Your task -
Below are some entries. Transcribe the lines from the one holding "Фотография № 185642" to the one holding "Grizzly bear cubs in the wild © Jillian", inclusive, but not the pictures among them.

Supplied records -
--- START ---
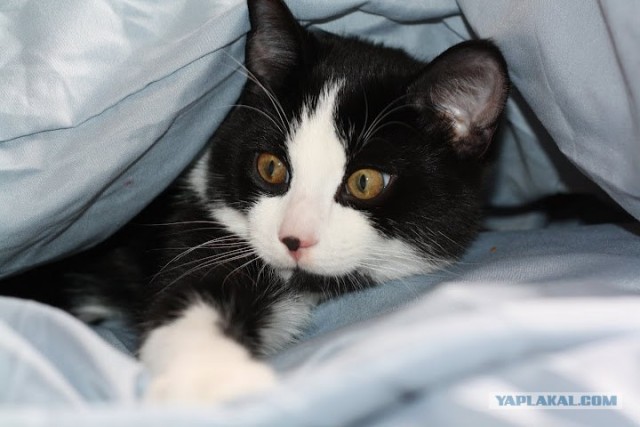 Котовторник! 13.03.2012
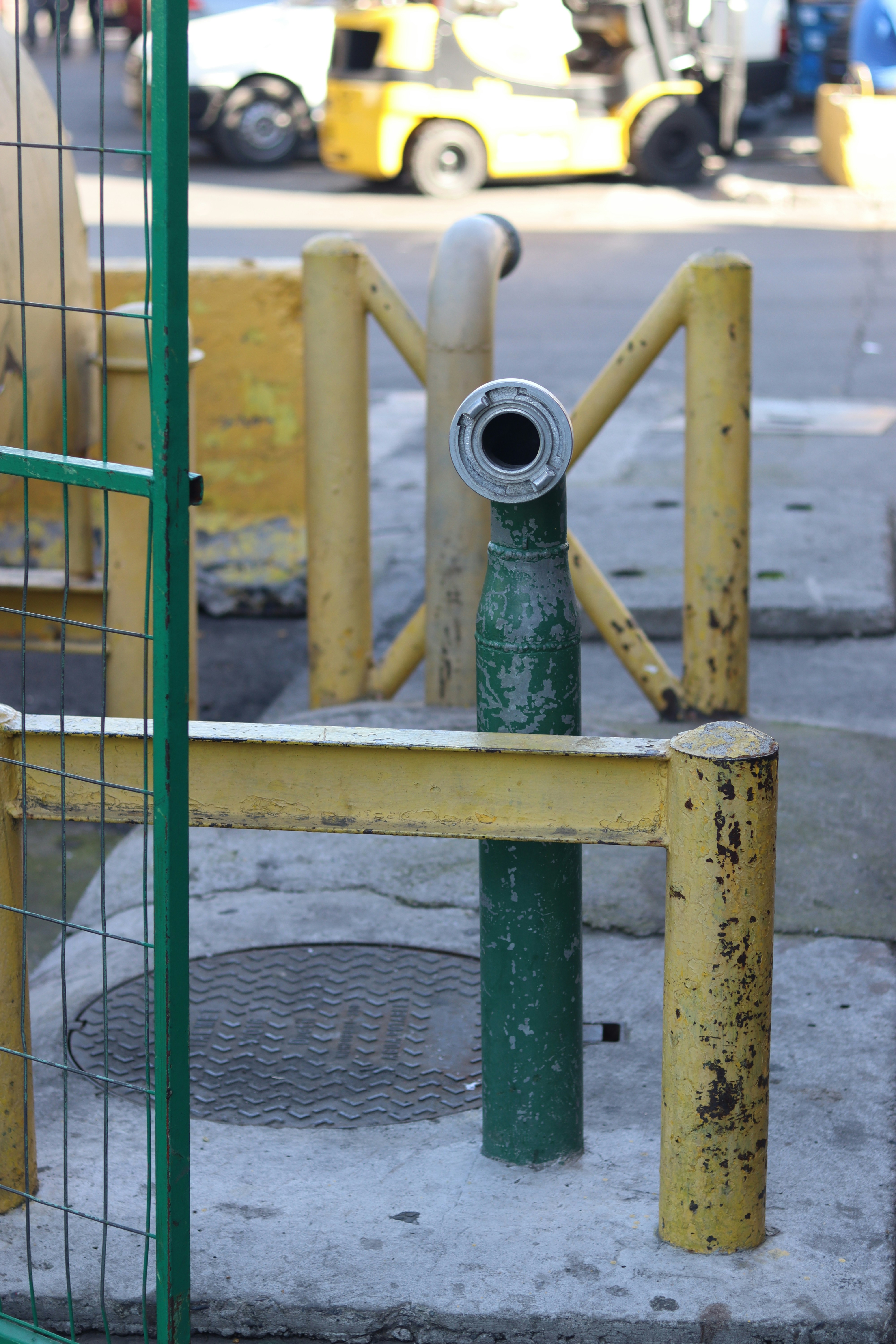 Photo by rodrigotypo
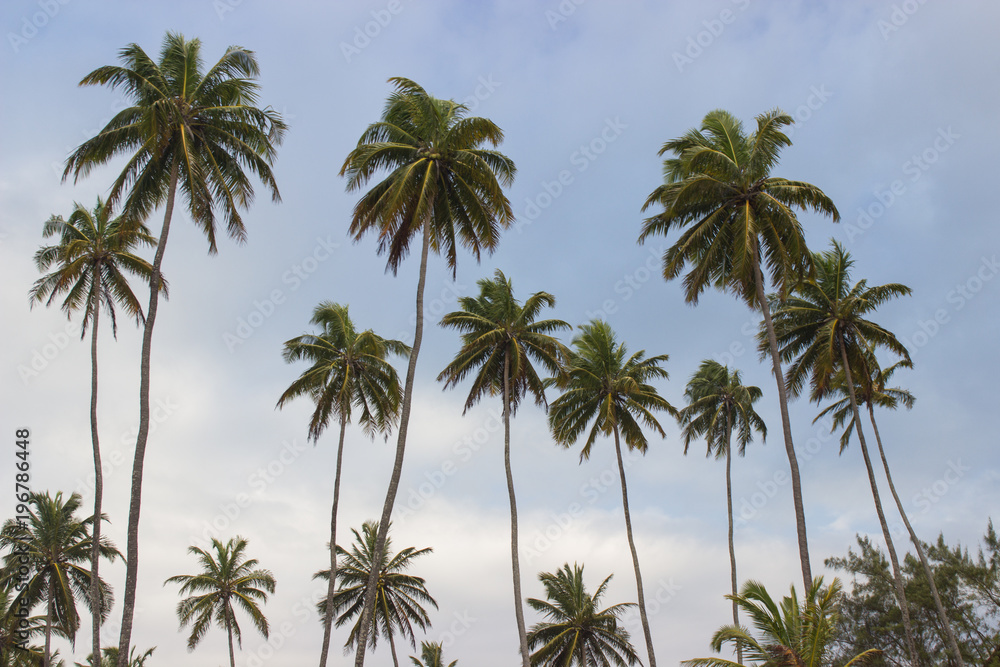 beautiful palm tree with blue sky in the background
--- END ---
--- START ---
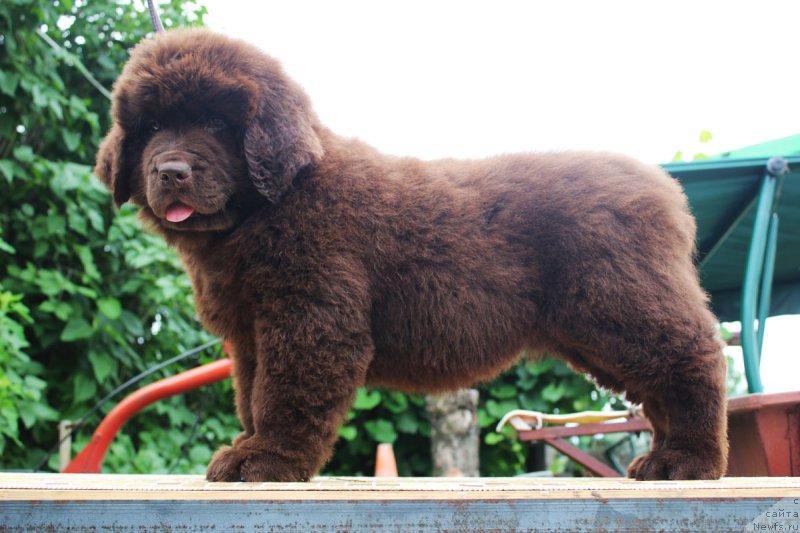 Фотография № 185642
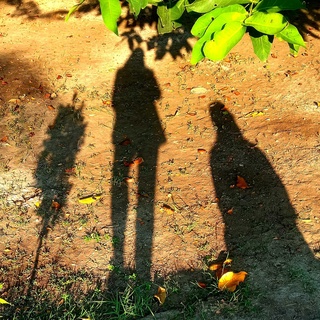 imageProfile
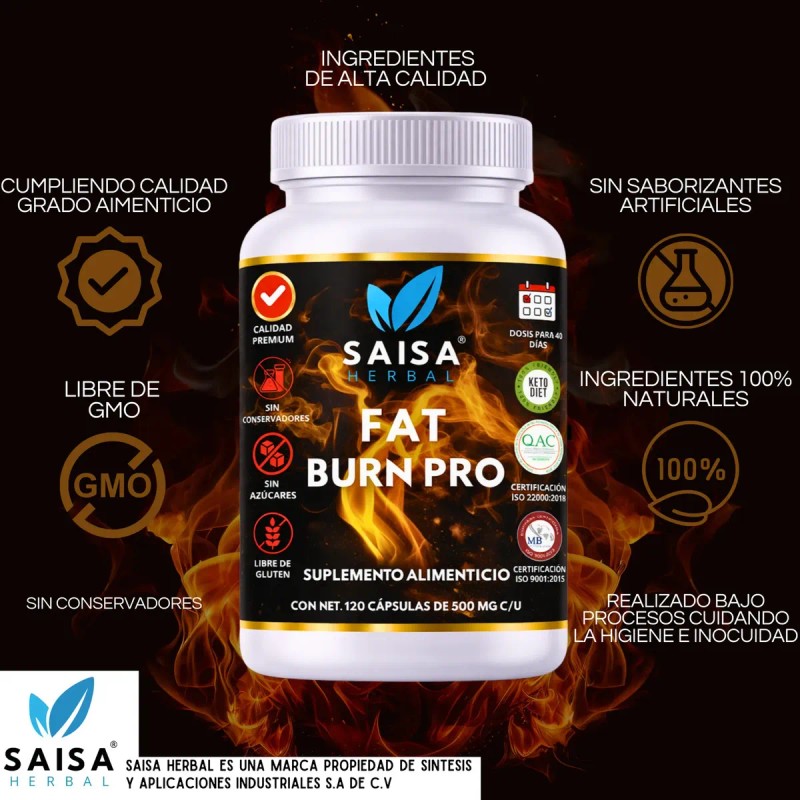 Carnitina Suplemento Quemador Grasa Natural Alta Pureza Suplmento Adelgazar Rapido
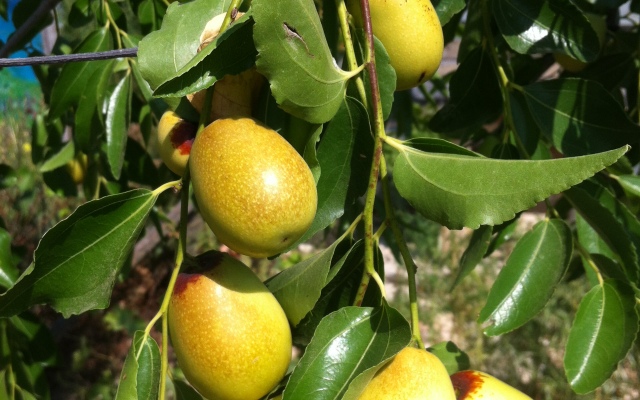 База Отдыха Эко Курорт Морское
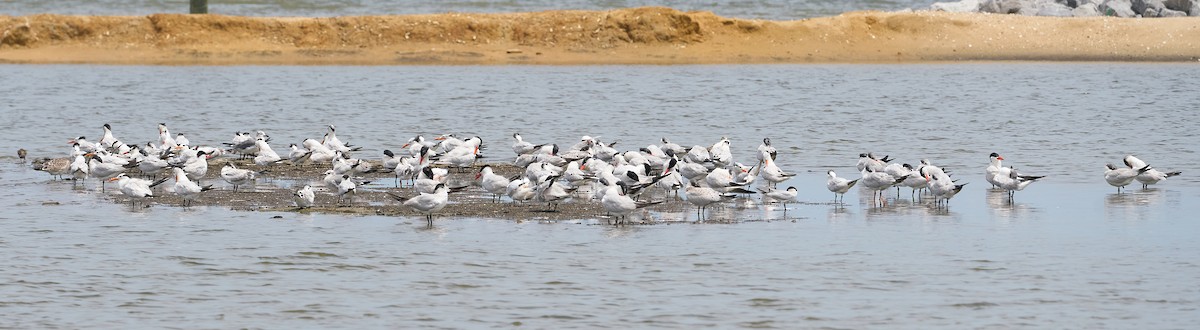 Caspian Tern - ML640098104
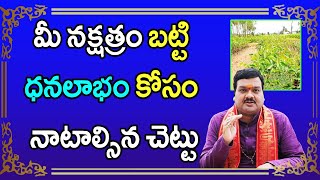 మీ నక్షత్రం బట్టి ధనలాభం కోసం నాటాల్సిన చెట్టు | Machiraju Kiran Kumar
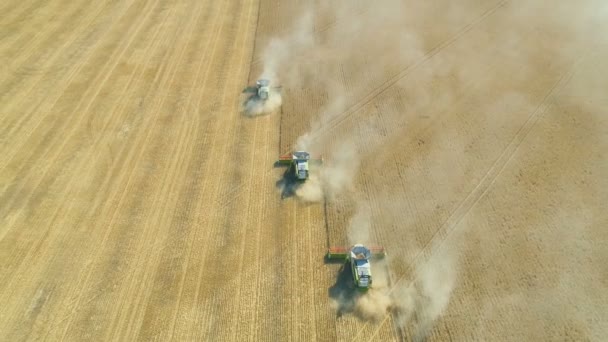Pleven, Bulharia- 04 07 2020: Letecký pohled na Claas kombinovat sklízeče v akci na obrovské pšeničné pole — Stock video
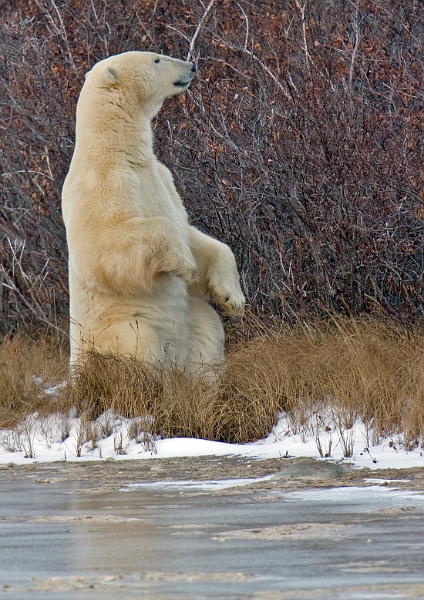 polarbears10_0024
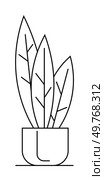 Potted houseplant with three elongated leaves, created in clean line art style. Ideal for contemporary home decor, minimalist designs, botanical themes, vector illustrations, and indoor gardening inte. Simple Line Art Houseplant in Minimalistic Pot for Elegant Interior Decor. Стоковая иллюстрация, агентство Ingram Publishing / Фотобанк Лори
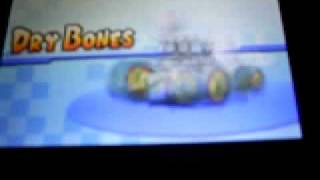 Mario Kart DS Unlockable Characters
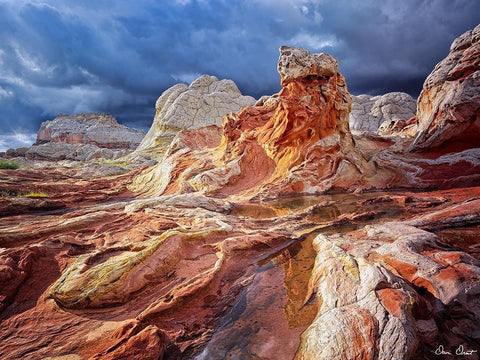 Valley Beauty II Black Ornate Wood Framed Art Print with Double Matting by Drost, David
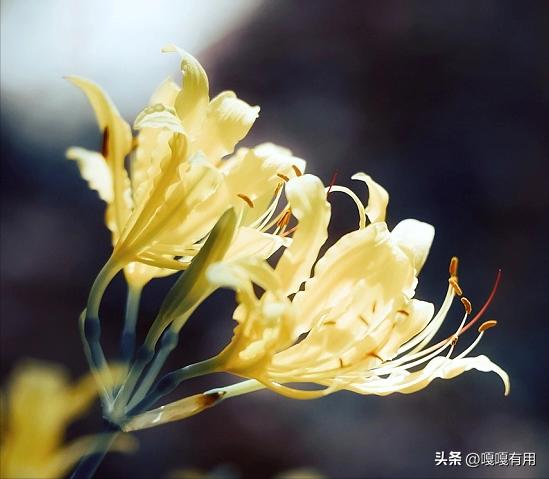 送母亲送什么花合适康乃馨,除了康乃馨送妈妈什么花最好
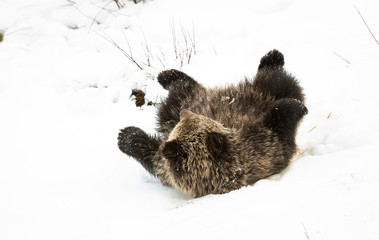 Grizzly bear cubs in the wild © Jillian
--- END ---
--- START ---
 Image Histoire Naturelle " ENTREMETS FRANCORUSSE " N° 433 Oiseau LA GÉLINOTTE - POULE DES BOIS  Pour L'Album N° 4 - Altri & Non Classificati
--- END ---
Result of the exercise -
 Фотография № 185642
 imageProfile
 Carnitina Suplemento Quemador Grasa Natural Alta Pureza Suplmento Adelgazar Rapido
 База Отдыха Эко Курорт Морское
 Caspian Tern - ML640098104
 మీ నక్షత్రం బట్టి ధనలాభం కోసం నాటాల్సిన చెట్టు | Machiraju Kiran Kumar
Pleven, Bulharia- 04 07 2020: Letecký pohled na Claas kombinovat sklízeče v akci na obrovské pšeničné pole — Stock video
 polarbears10_0024
 Potted houseplant with three elongated leaves, created in clean line art style. Ideal for contemporary home decor, minimalist designs, botanical themes, vector illustrations, and indoor gardening inte. Simple Line Art Houseplant in Minimalistic Pot for Elegant Interior Decor. Стоковая иллюстрация, агентство Ingram Publishing / Фотобанк Лори
 Mario Kart DS Unlockable Characters
 Valley Beauty II Black Ornate Wood Framed Art Print with Double Matting by Drost, David
 送母亲送什么花合适康乃馨,除了康乃馨送妈妈什么花最好
 Grizzly bear cubs in the wild © Jillian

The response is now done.